**EXERCISE GOAL**: Since the pictures are not wanted, retype the listing below exactly and without them.
*** Opening SOURCE DATA ***
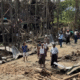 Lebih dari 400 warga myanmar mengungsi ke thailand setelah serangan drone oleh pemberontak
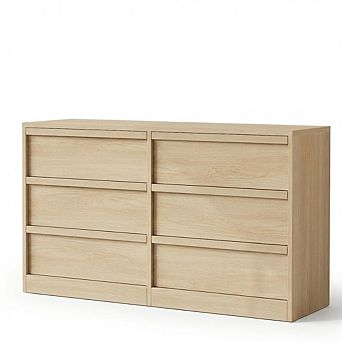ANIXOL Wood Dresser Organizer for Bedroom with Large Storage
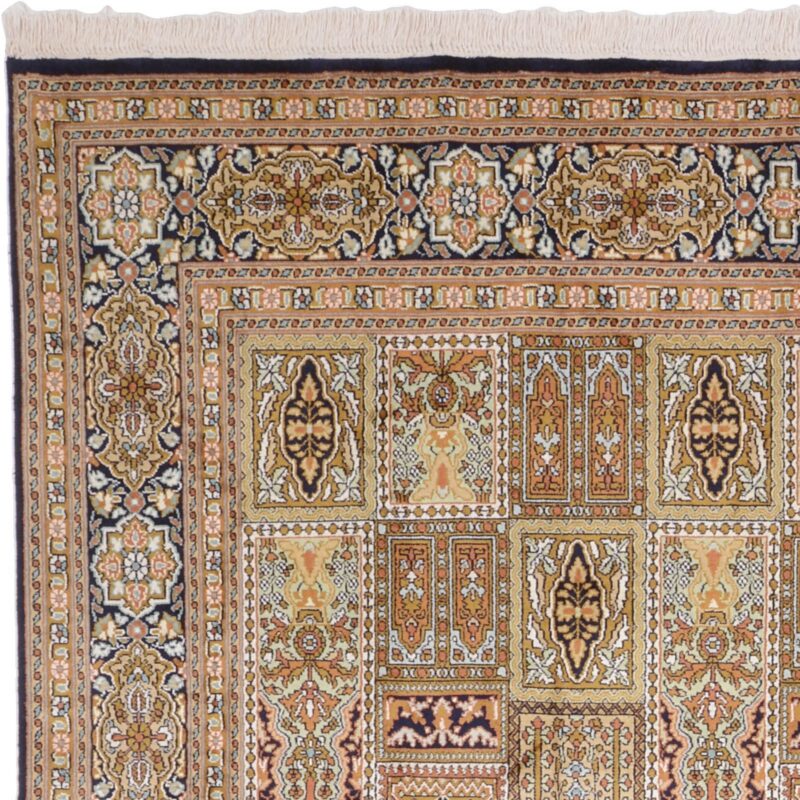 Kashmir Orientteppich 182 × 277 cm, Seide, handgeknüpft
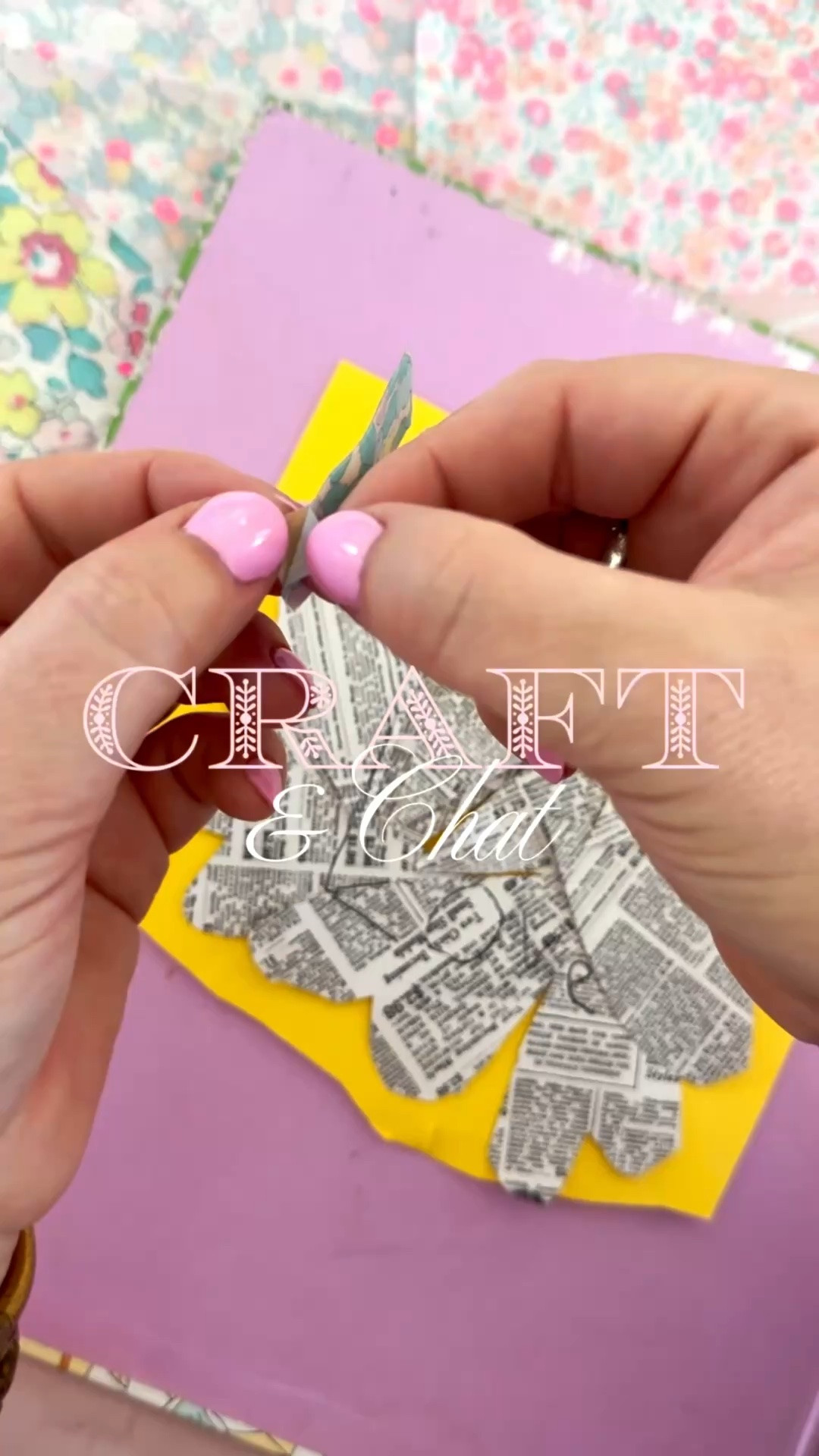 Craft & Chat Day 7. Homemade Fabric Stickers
*** Closing SOURCE DATA ***
**ANSWER FOR THIS EXERCISE**:
 Lebih dari 400 warga myanmar mengungsi ke thailand setelah serangan drone oleh pemberontak
ANIXOL Wood Dresser Organizer for Bedroom with Large Storage
 Kashmir Orientteppich 182 × 277 cm, Seide, handgeknüpft
 Craft & Chat Day 7. Homemade Fabric Stickers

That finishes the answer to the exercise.